= Given material =
----------------------------------------
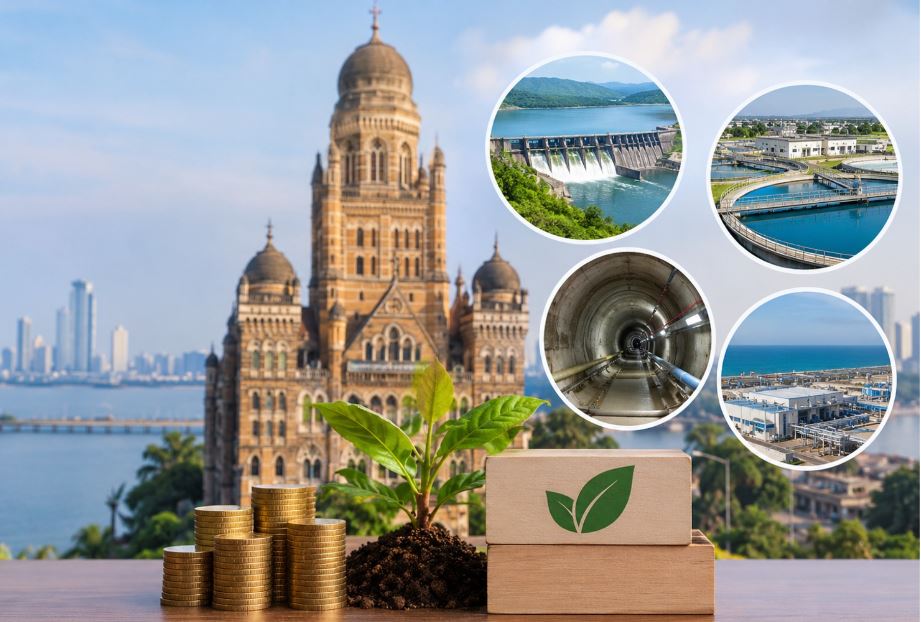 Mumbai BMC Green Bonds to Fund Key Projects in 2027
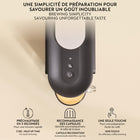 Nespresso Vertuo Up Espresso and Coffee Maker by Breville, Black-From off to ready in 3 seconds, start brewing without the wait. Automatic off after 2 minutes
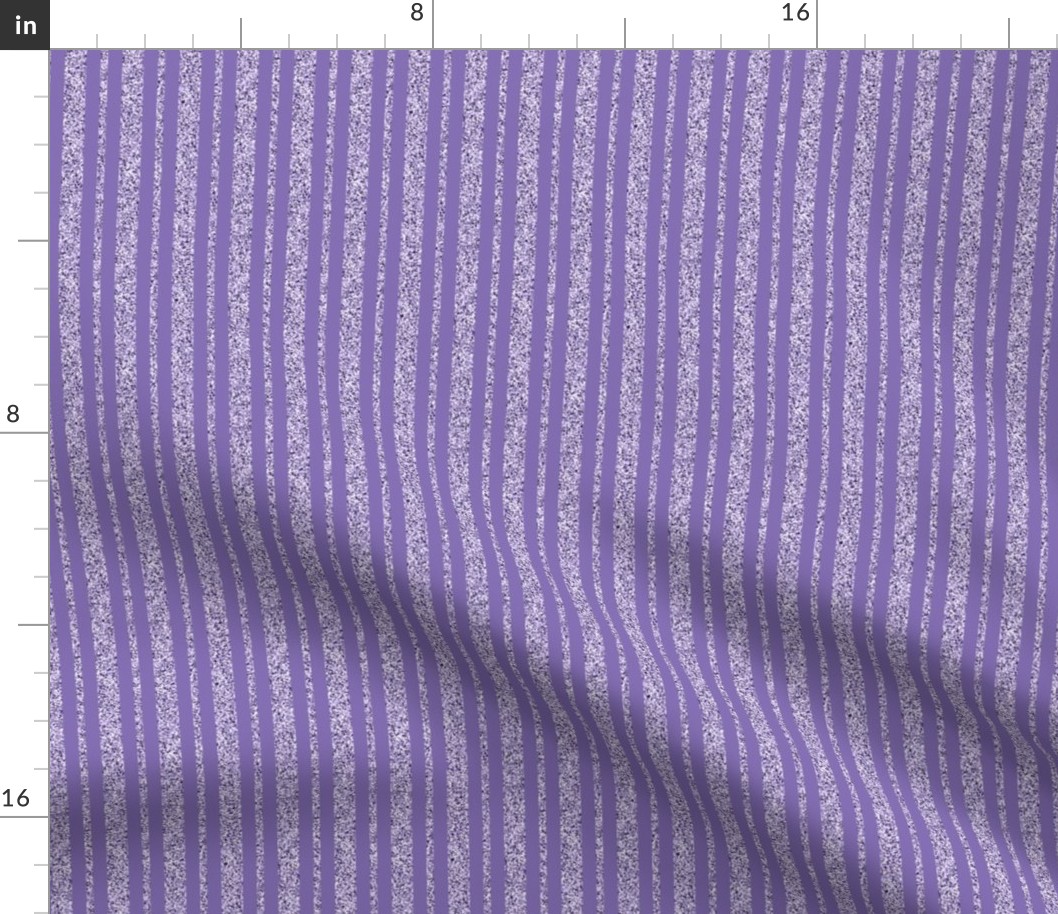 CSMC32 - Narrow Speckled Violet Stripes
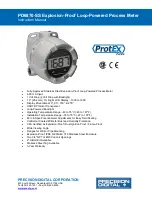 Precision Digital Corporation ProtEx PD6870-SS Instruction Manual preview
----------------------------------------
= Exercise details =
Word for word, reproduce the material above and omit each image.

= Solution below =
 Mumbai BMC Green Bonds to Fund Key Projects in 2027
 Nespresso Vertuo Up Espresso and Coffee Maker by Breville, Black-From off to ready in 3 seconds, start brewing without the wait. Automatic off after 2 minutes
 CSMC32 - Narrow Speckled Violet Stripes
 Precision Digital Corporation ProtEx PD6870-SS Instruction Manual preview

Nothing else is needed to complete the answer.